# What is the interpretation of a wave function of the Universe in Hawking's no boundary proposal?

In the path integral formalism we have an in state $\Psi_{in}[\phi]$ and and out state and we find the amplitude for going from one to the other:

$$\Delta[\Psi_{in},\Psi_{out}] = \int \Psi_{in}[\phi]\Psi_{out}[\phi]e^{i S[\phi]} D\phi$$

I am trying to understand quantum cosmology. Hawking describes his wave function of the universe as:

$$\Psi_{out}[h] = \int_{\partial g=h} e^{-S[g]} Dg$$

There is no "in" state since we assume the Universe is spatially closed and space-time is like a sphere with time starting at the "south pole".

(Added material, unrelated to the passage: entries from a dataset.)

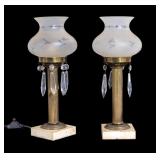 Vintage Brass and Frosted Glass Astral Lamps (2)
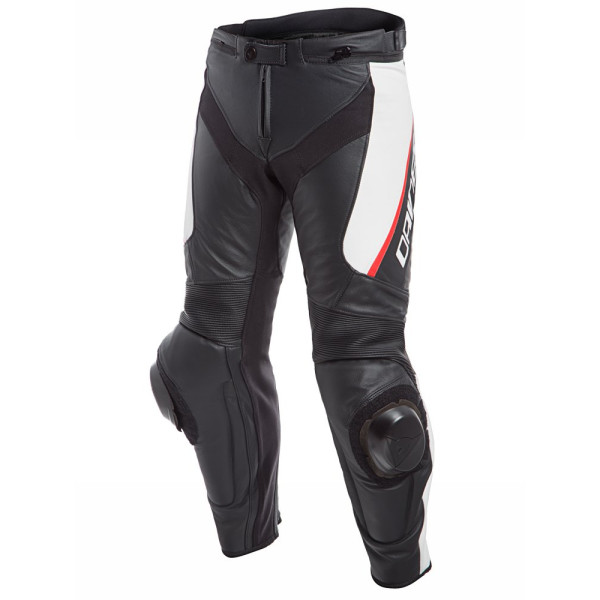 Мотоциклетні штани шкіряні Dainese Delta 3 чорні-білі-червоні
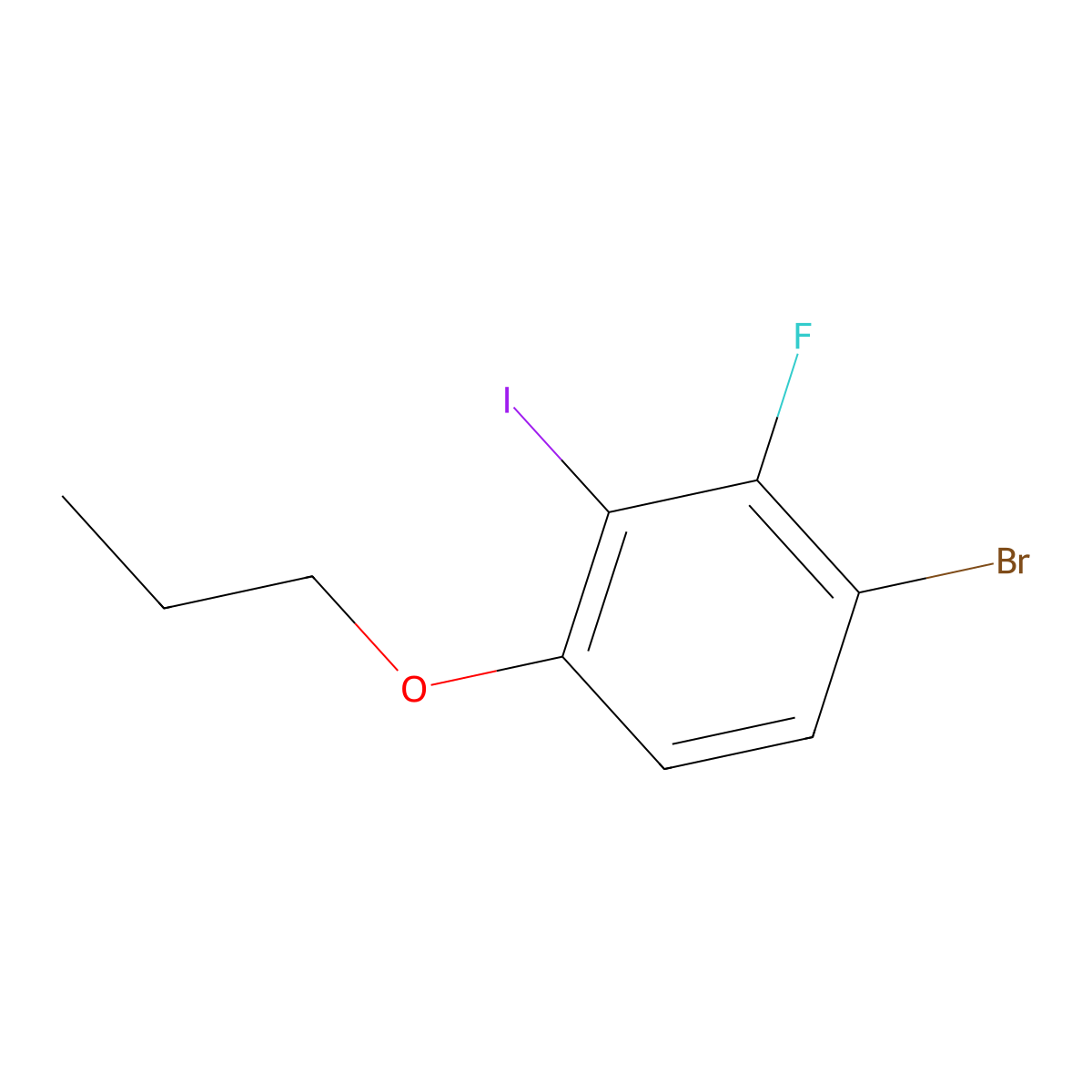 1-Bromo-2-fluoro-3-iodo-4-propoxybenzene molecular structure, CAS 2764730-95-0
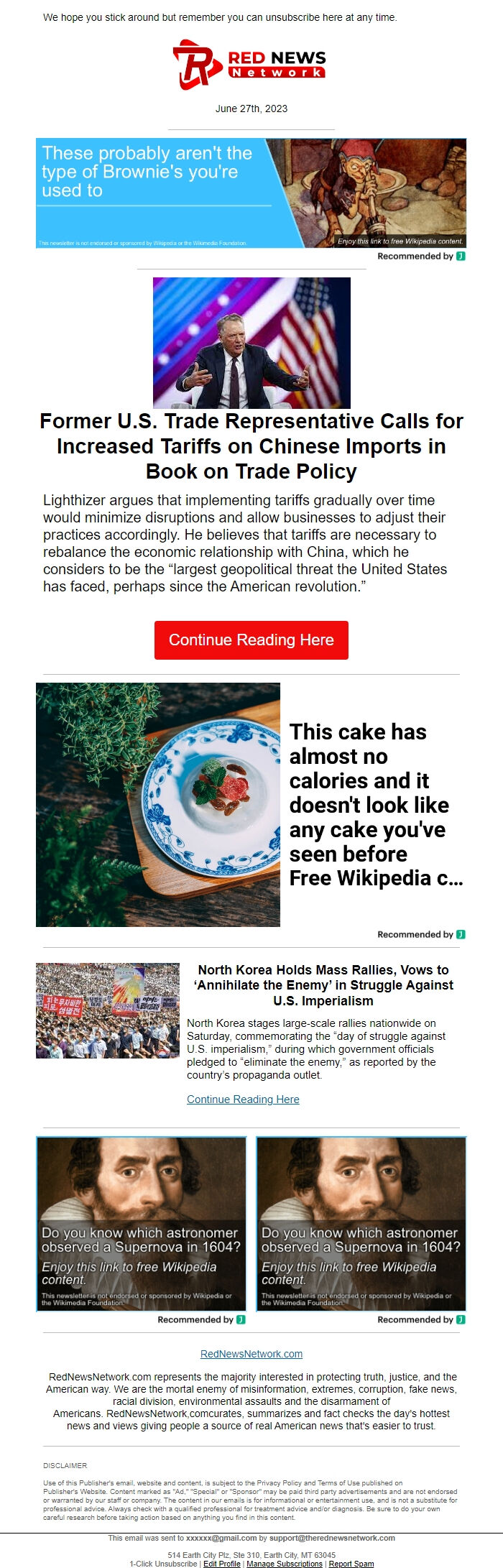 Screenshot of the email generated on import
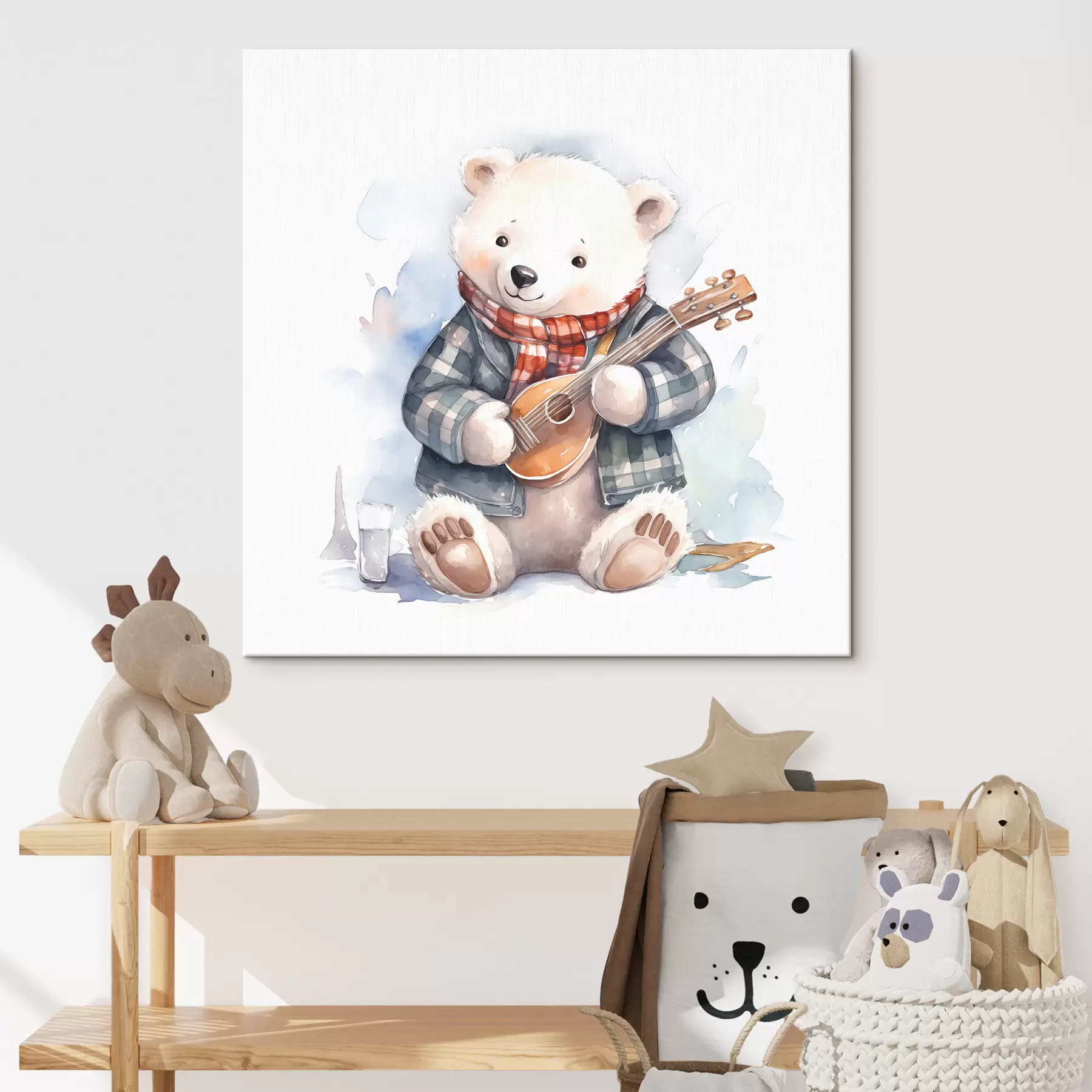 Wandbilder Eisbär-Musiker in blau kariertem Anzug und rotem Schal spielt Gitarre, Aquarell-Illustration für Kinder s39120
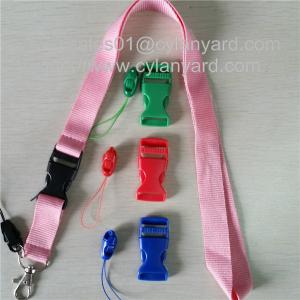 Quality Colored polyester neck strap with dyed colored plastic detachable buckle, wholesale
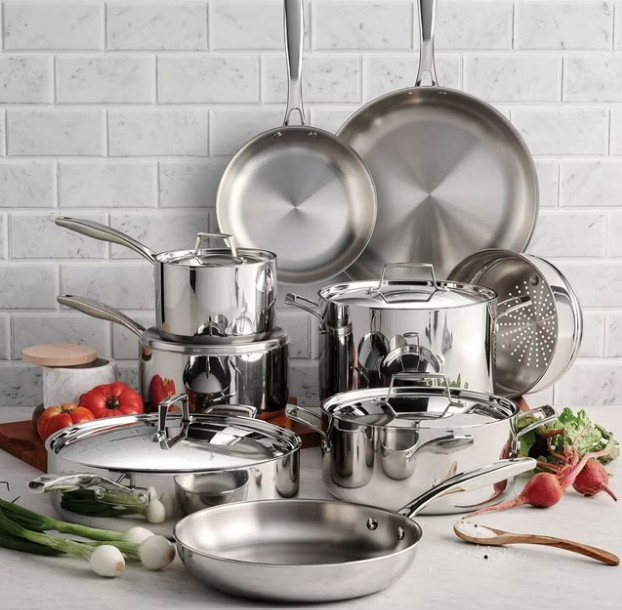 Tramontina 14-Piece Tri-Ply Clad 18/10 Stainless Steel Cookware Set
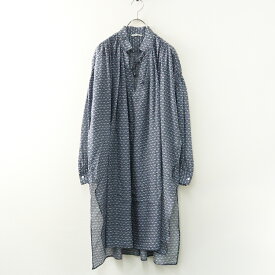 美品 トゥジュー TOUJOURS ピュア シルク チンツプリントクロスストリング サープリス チュニックシャツ 1 インディゴ┃【2400014791181】【中古】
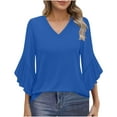 thumbnail image 2 of BSDJILFG 3/4 Length Sleeve Womens Tops New Trendy 2025 Flutter Sleeve V-Neck Loose Fit Casual Tunic Blouse, 2 of 8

But what's confusing me is that, unlike in the previous case where $\Psi_{out}[\phi]$ can take on many forms (for instance being highly peaked at various field configurations of our choosing), $\Psi[h]$ has only one form defined by the functional integral. Hence there can be no such thing as $\Delta[\Psi_{in},\Psi_{out}]$ in quantum cosmology since all states are the same and $\Psi_{in}=\Psi_{out}$. Is this related to the "problem of time?"

Instead I read that you can have $\Psi[h,h']$ which is a kind of amplitude for going from one geometry to another where you sum over 4D geometries bounded by both h and h'.

Is it true that in quantum cosmology $\Psi[h]$ can only have one form? It would be like a wave function only having one distribution!

Is there a simple way to show that the wave functional cannot change?

Edit

I think I understand a bit more. If $\Psi_{in}[g]=\delta[g(0)]$ and $\Psi_{out}[g]=\delta[g(1)-h]$ then $\Delta[\Psi_{in},\Psi_{out}] = \Phi[h]$ which is the wave functional of the Universe which satisfies the Wheeler-de-Witt equation. And so in general the amplitude for a particular distribution must be:

$$\Delta[\Psi_{out}] = \int \Psi_{out}[g] \Phi[g] Dg$$

I guess that makes sense. Perhaps I was mixing up states and wave functions.

PS

Is it true that there is only one quantum state of the Universe. In Hawking's first paper he says talks of the quantum state being the "ground state". Is this not the view now? Is there just a single quantum state?

$$\Psi[h] = \Delta[h,S_0]$$